Nina Stemme is truly outstanding in the Royal Opera’s new Tristan und Isolde: she produces ample quantities of warm, expressive tone; she holds the stage with her personality, not with excessive histrionics; and she looks wonderful. Her standing ovation was thoroughly deserved.
Other than that great performance, the production is a mixed experience: significantly better for those sitting stage left, as fortunately I was. Cristof Loy places the inner drama downstage in what might be a psychiatrist’s interview room, or perhaps the staff table at a school cafeteria, given the juxtaposition of cheap metal-framed chairs with a candlelit and benaped dinner table for the Act 2 duet. An enormous metal wall lours over stage right, and the majority of the action takes place hard against it, invisible to nearly half the audience. If the loud booing of Loy on the first night (according to my canary-fancying friend who attended) was purely for this reason, it was well justified; if for the absence of conventional sets (who needs a ship?), less so.
Behind this antiseptic forestage is a purple velvet curtain, which periodically divides, shifts or is pulled back to reveal different stages of a drunken, all-male, black tie wedding feast. The chorus populating this scene were often required to freeze, or else to carouse boorishly. As the purple curtain divided during the prelude (to reveal the wedding feast laid out but with no guests yet present) it was unclear whether the stage crew had presented the correct opera at all: a cross between two Glyndebourne productions, Eugene Onegin and The Rake’s Progress, was suggested by the white-outlined ballroom. Yet the return of this scenario, numerous times in each act, confirmed beyond doubt that it was intentional: its import was less clear, since I hesitate to accuse a director of Loy’s sophistication of the sub-Chereau device of satirising capitalism by dressing people in dinner suits. The Perfect Wagnerite is over a hundred years old, after all.
Whether or not the conceit has anything to recommend it, many of the performances do – and, as seen in his recent Lulu at Covent Garden, Loy really knows how to direct singing actors. Tragically, the Tristan of Ben Heppner, once a really fine singer, cannot now be said to pass muster. He must know this – a dozen cracked notes in an evening don’t lie – and the gesture of Antonio Pappano in embracing him onstage seemed to reflect the sense of relief that Heppner had made it to the end of the evening with any voice left at all. In a recent interview Heppner was open – uncharacteristically so for a leading singer – about the vocal problems that he experienced in the early years of this decade, and it seemed for a while that he had conquered them. But, though he managed to produce some beautiful sounds, can he really last the run? Beyond that, it will be interesting to see how his planned series of Lohengrins in Berlin in January progresses.
On happier notes, Michael Volle’s vocal contribution was strong throughout, delineating Kurwenal as a darker individual than one usually sees. Sophie Koch’s Brangäne dwelt on remorse but mercifully did not appear one step from a Donizettian madhouse as too many do in that rôle. Ryland Davies was a cynical Shepherd; Richard Berkeley-Steele a forceful if ageing Melot (I wonder if he is understudying Tristan?). The originally advertised Marke was Matti Salminen, and for the first time ever I felt a little regret on hearing that Sir John Tomlinson would stand in (Salminen is returning from knee surgery next week, apparently). It’s the first time for many years that the great Finnish bass has been cast at Covent Garden, and I hope that this setback won’t delay his reappearance in future. Of course, Sir John is to be treasured whenever he is among us: his Grand Inquisitor only last week was terrifying, and he found a different tone altogether for Marke. This is surely one of the hardest rôles to act and sing, in Wagner or elsewhere, and certainly Tomlinson’s was the most moving performance I’ve seen and heard – mostly heard, since volume is at the centre of what Sir John does. How could one not sympathize when Tristan’s uncle is so very disappointed, and so very, very loud? But the drama was central to Tomlinson’s performance – a tour-de-force.

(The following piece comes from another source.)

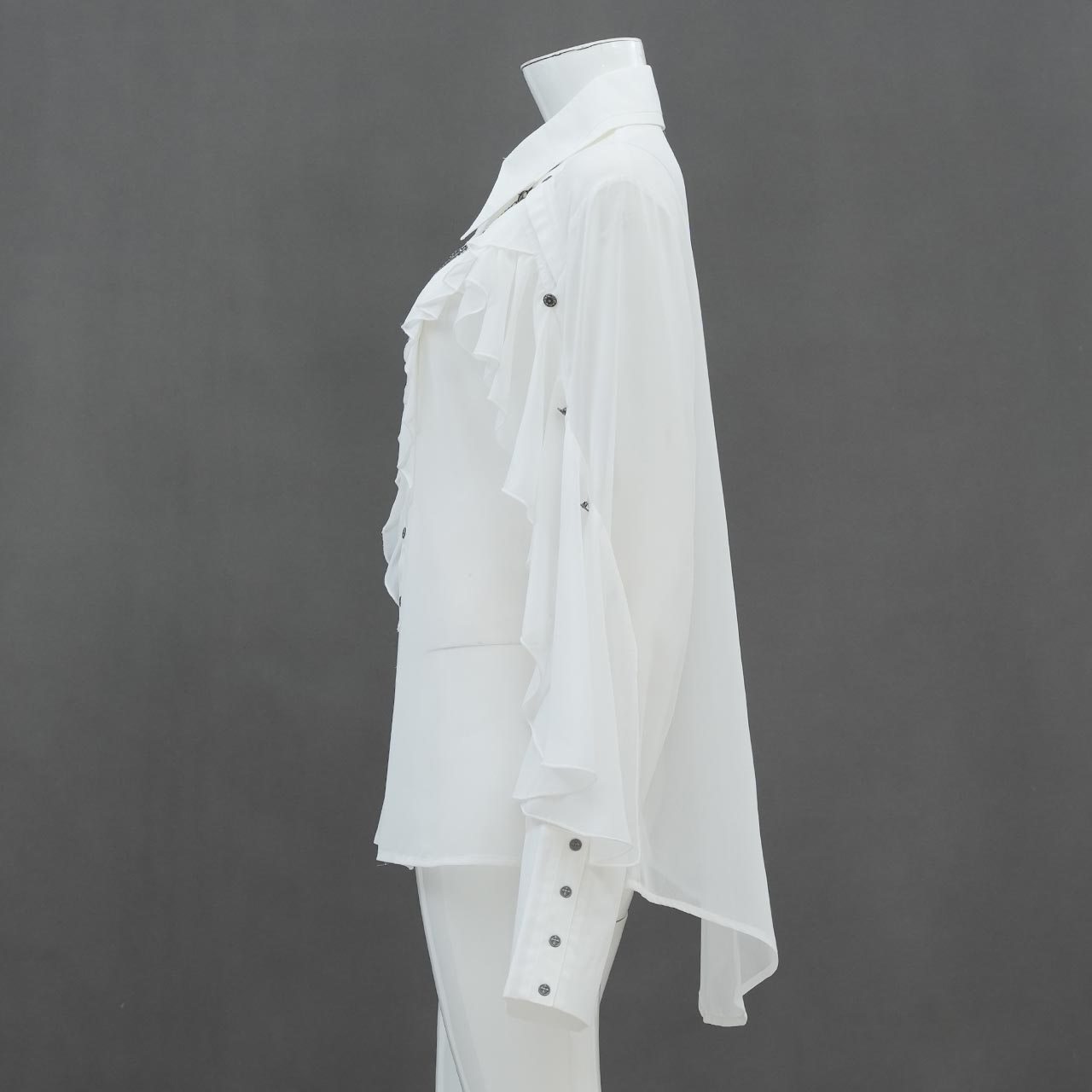 Remnants of Silent Depth Chiffon Blouse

Finally, and most importantly: Nina Stemme’s Liebestod was one of the best things I’ve ever heard in an opera house.
3 responses so far ↓
1 Roger Mullis // Oct 15, 2009 at 10:45 AM
Tonight (15 October) we're getting Lars Cleveman, who appears to have a dual career as an opera singer and a rock musician. I await the results with interest. It looks as if they've as yet failed to track anyone down for the last performance on Sunday. Schade!